Welcome to from-docker-to-kubernetes

Docker Service Discovery & DNS

Comprehensive guide to implementing service discovery and DNS solutions in Docker environments for efficient container networking

Introduction to Service Discovery in Docker

Service discovery provides the critical foundation for container communication in dynamic Docker environments. As containers start, stop, and scale, their network locations change constantly, requiring automated mechanisms to locate services:

  • Dynamic infrastructure: Enable containers to find each other without hardcoded addresses
  • Automatic updates: Reflect container lifecycle changes in real-time
  • Distributed coordination: Maintain service registries across multi-host environments
  • Load balancing: Distribute traffic across multiple instances of the same service
  • Health checking: Route traffic only to healthy container instances

This guide explores the concepts, tools, and implementation patterns for effective service discovery and DNS management in Docker environments, with practical examples to help you build reliable container networking solutions.

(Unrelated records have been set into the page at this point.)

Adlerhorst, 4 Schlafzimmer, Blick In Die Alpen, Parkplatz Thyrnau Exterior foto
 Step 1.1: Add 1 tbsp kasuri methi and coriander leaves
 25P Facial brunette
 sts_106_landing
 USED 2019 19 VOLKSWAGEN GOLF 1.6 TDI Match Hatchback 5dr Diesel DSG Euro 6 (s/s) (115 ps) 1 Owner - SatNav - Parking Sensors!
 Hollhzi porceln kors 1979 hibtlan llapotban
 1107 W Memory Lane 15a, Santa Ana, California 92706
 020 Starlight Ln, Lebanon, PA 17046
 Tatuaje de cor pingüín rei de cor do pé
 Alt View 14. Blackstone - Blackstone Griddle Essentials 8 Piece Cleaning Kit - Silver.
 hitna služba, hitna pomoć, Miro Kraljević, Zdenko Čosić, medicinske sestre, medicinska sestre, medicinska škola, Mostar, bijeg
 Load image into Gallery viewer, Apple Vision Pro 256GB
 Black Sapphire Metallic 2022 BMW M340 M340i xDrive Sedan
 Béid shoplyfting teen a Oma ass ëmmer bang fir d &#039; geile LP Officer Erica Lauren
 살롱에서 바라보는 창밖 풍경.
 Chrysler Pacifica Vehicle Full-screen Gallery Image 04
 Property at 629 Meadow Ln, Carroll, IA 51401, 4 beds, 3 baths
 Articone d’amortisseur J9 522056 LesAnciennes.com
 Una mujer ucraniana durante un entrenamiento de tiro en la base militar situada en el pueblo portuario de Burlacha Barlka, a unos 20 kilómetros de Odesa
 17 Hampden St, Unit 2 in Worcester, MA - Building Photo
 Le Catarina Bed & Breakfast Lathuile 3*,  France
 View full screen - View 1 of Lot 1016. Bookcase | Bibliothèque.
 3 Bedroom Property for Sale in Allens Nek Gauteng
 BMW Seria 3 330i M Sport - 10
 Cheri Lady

Service Discovery Fundamentals

Service Registry Patterns

At the core of service discovery is the service registry—a database of available service instances and their locations:

  1. Self-registration pattern: Services register themselves with the registry
  2. Third-party registration: External agent detects services and registers them
  3. Client-side discovery: Clients query the registry and choose service instances
  4. Server-side discovery: Load balancer queries registry and routes client requests

The choice of pattern impacts system complexity, resilience, and performance characteristics.

DNS-Based Discovery

DNS provides a familiar and standardized approach to service discovery in Docker environments:

# Run a container with a custom hostname
docker run -d --name web --hostname web.local nginx

# Query the container using its hostname
docker exec -it web ping web.local

Docker's built-in DNS server automatically resolves container names within the same network, providing basic service discovery capabilities without additional components.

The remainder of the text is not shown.